In my two novels to date, the naming of characters has created several unexpected difficulties:
1. Unintentional duplication. Having finished my first book, Landsliding, one of my beta readers came to see me to discuss her comments on the draft of the novel. To my amazement, she pointed out that two characters were both called Gail and asked me if I’d done this on purpose. I said she was mistaken – of course I hadn’t called two different characters by the same name; why on earth would I do that? – but, on closer inspection of the text, to my surprise I realised she was correct. Two of my characters were called the same thing and I hadn’t even noticed. I then became paranoid and had to go through the text making notes of each character’s name to make sure I hadn’t repeated myself again! Nightmare.
2. Changing names at the end of the novel. Sometimes you get to the end of writing your book and realise that a name hasn’t worked for the character in question. This happened in The Fortnight when I had to go back to every mention of that person and replace it with the new name (in this case, Molly’s boyfriend Josh) which was time-consuming and irritating but not disastrous. Somehow the original name I’d selected for him just didn’t seem suitable – I don’t know exactly why that was – but the minute I thought of him as ‘Josh’ I knew it was the right choice.
3. Duplication of names from one novel to the next. When I first started writing The Fortnight I was shocked to find I’d used several of the same names as in Landsliding – Peter, Aaron and Martin were just three examples of my repetition. When you think of all the names there are to choose from, it seems amazing that I hadn’t been more imaginative; for some reason I’d just reverted to names I’d already used before. Once I realised this, I hastily changed them to something different and made a mental note to be more aware of my selections .

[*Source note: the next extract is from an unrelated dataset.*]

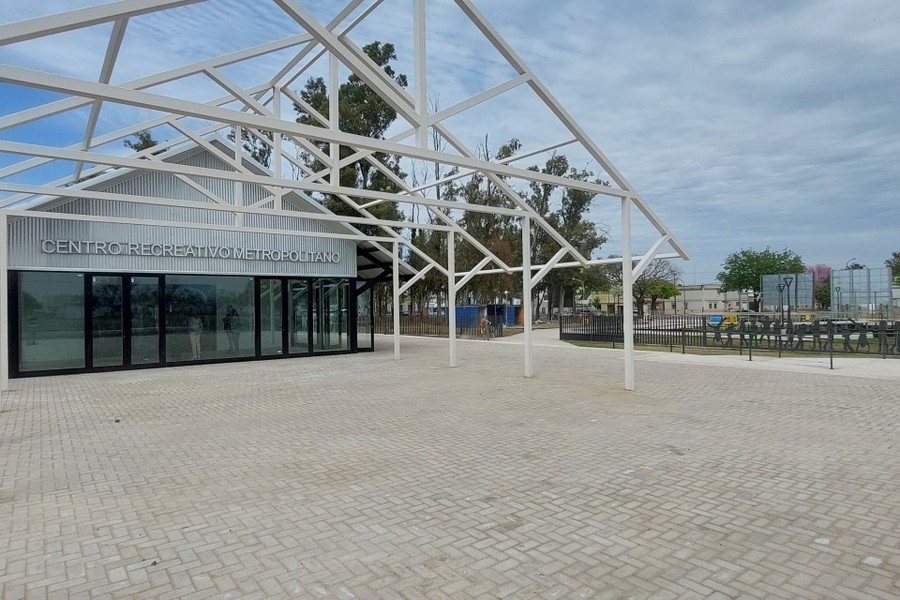 Construyen la etapa final del Centro Artístico Metropolitano de Rafaela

4. Calling a difficult character by the name of a friend. This happened in The Fortnight with the character Elaine who displays many annoying characteristics. I considered calling her something else so as not to upset my great friend who shares her name, but in the end decided to give the real Elaine a special mention/ apology in the Acknowledgements section at the end of the novel. I didn’t want her to think there was any connection intended between the character’s personality traits and her own!

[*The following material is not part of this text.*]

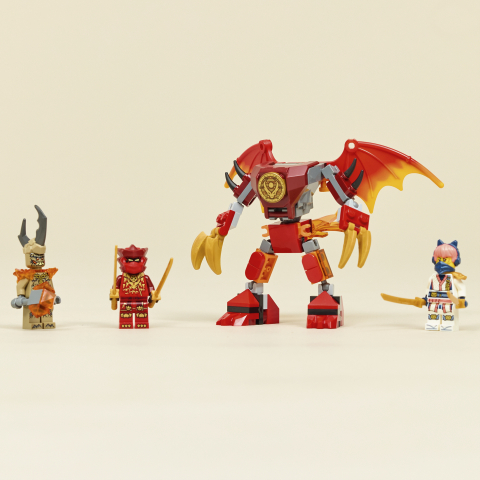 71851 Kai's Dragon Mech Battle Pack V29 4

Overall I’d say that the naming of characters is a really interesting part of being an author. In a way it makes you feel powerful – you alone have the ability to decide their identity – but the decision-making process is a difficult one. Get it wrong and your character will always feel oddly awkward; not quite fully formed. Pick too many names beginning with the same letter and your readers may become confused. Choose a name closely identified with someone famous and your reader will always imagine the real person (for example, Rihanna, Boris or Camilla) instead of your character with their own idiosyncrasies and personality.